Dustin's post was not simply about whether to prepend labels with "my" or "your". That choice was an example of a more fundamental concern: whether to imagine the user as seeing an app as an extension of themselves or as seeing the app as a separate entity, and the implications of that in the interface.
It may have been helpful for the post to consider the effects of using no pronouns on a user's mental model, and a better response to the post would be to explore those effects, not to dismiss it outright as a false dilemma. A much better method of dismissing posts that have obvious answers is to not comment on them.
Calling comments dismissive is rather dismissive in itself. I don't see what is wrong with pointing out a better option (in the opinion of the commentator) in a succinct way.
That's the kind of dismissive attitude that kills web companies. If there's one thing we've learned from usability research, A/B testing and the like, it's that seemingly subtle changes in details can make a huge difference to overall effectiveness. And if there's a second thing we've learned, it's that what programmers or web developers assume is best is a lousy indicator of what is best when you actually measure results.
Presenting material in a way that resonates with the target audience of each particular product or service is important, and a little time spent getting it right will almost certainly generate more benefit than writing code for the same amount of time.
That's irrelevant. There are multiple reasonable possibilities here. Saying "Do X, now get on with coding" as if X is somehow obviously the right answer is a very dangerous attitude. The original article might not have mentioned those kinds of testing explicitly, but still, professionals decide among various choices being considered based on merit, not personal preference.

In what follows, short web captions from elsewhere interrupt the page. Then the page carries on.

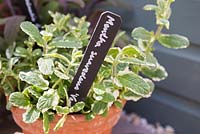 Painted black and white label in container of mentha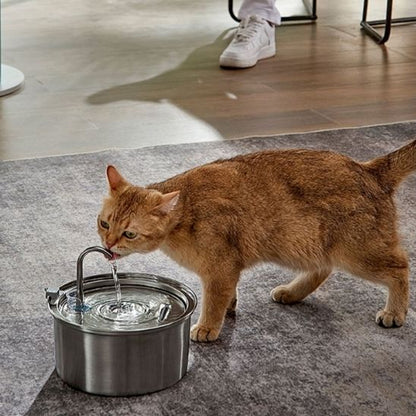 fontaine-a-eau-chat-automatique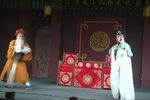 曹甫走雪下载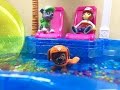 Paw Patrol Pool Party - where is Tracker the new pup?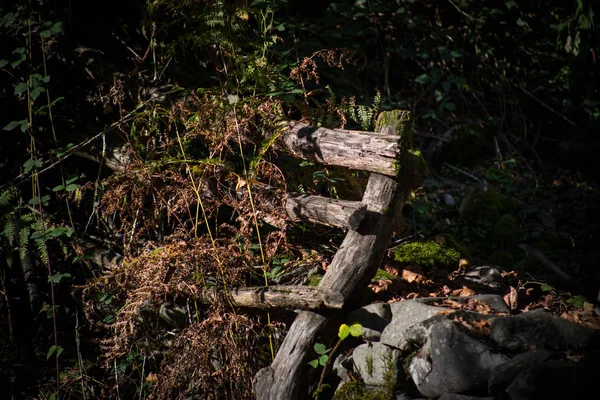 Cerca Feita Mão Natural Feita Brenches Árvore Madeira Vista Perto — Fotografia de Stock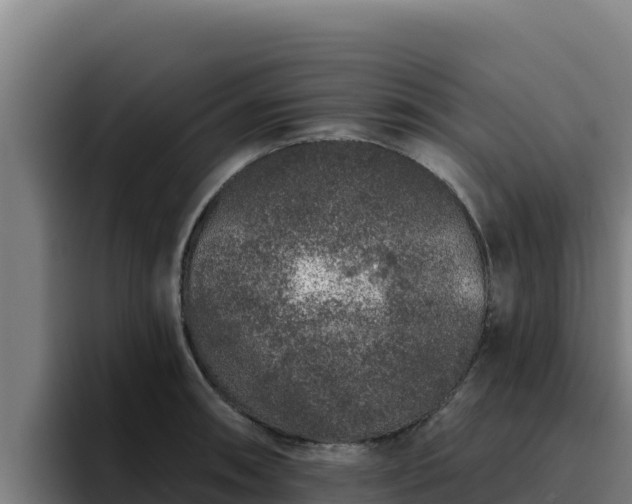 X0000094961090200712061307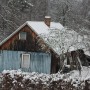 Leśne klimaty, CZEKAJĄC NA ŚWIĘTA :)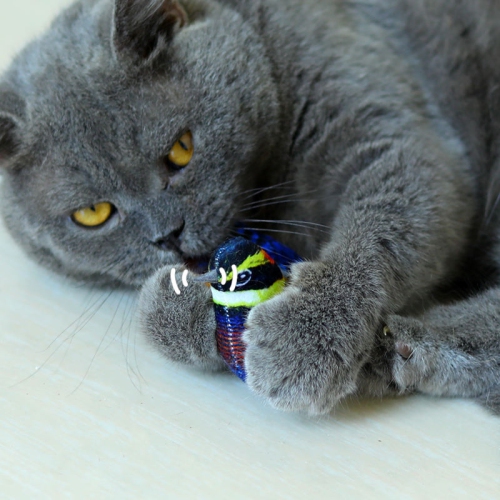 Cat Toys Chirping Bird, Suitable for Cat Wand Toys, Interactive Toys for Indoor Kitty Kitten Exercise, Blue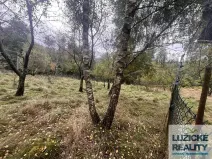 Prodej louky, Kytlice, 4475 m2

I find your comment odd (in that I am confused by it). The top comment (which you seem to take issue with) isn't any more useful to anyone than the OP itself. I took it as a bit tounge-in-cheek. You state that professionals make decisions based on merit rather than personal preference and yet the OP did the exact opposite. So neither the OP nor top-commenter are taking the 'professional' approach here.
FWIW I agree with pretty much everything you said in your previous comment (although perhaps not the first sentence).
EDIT: Or perhaps his last sentence irritated you? If he'd omitted "Now, get back to writing code!" would you still feel the same?
I think we just interpreted the original comment differently. I didn't sense any humour in the point being made, only in the flippant final line, and I strongly disagreed with the basic point regardless of anything related that the original article did or didn't mention. If I misunderstood then the poster has my apologies.
Where this simplicity breaks down is when you have two kinds of a thing. For example, a user may have documents shared by a group and then documents that are yours/mine.
Honestly, I still feel it's an overwrought discussion about something that ultimately doesn't effect the user enough to change their general perception of the product.
Microcopy generally takes the form of a speaking voice which addresses the User directly, so a phrase like "Are you sure you want to delete this Customer?" makes more sense than "Am I sure I want to delete this Customer?". And so forth.
Which Microsoft also fouled up. A user's desktop could contain elements which were present in the user's desktop folder, in a group folder, or in the global desktop folder for the system. From within the Explorer shell, it wasn't obviously clear where the element came from. Yet another reason I have a rabid dislike for GUI file manglers.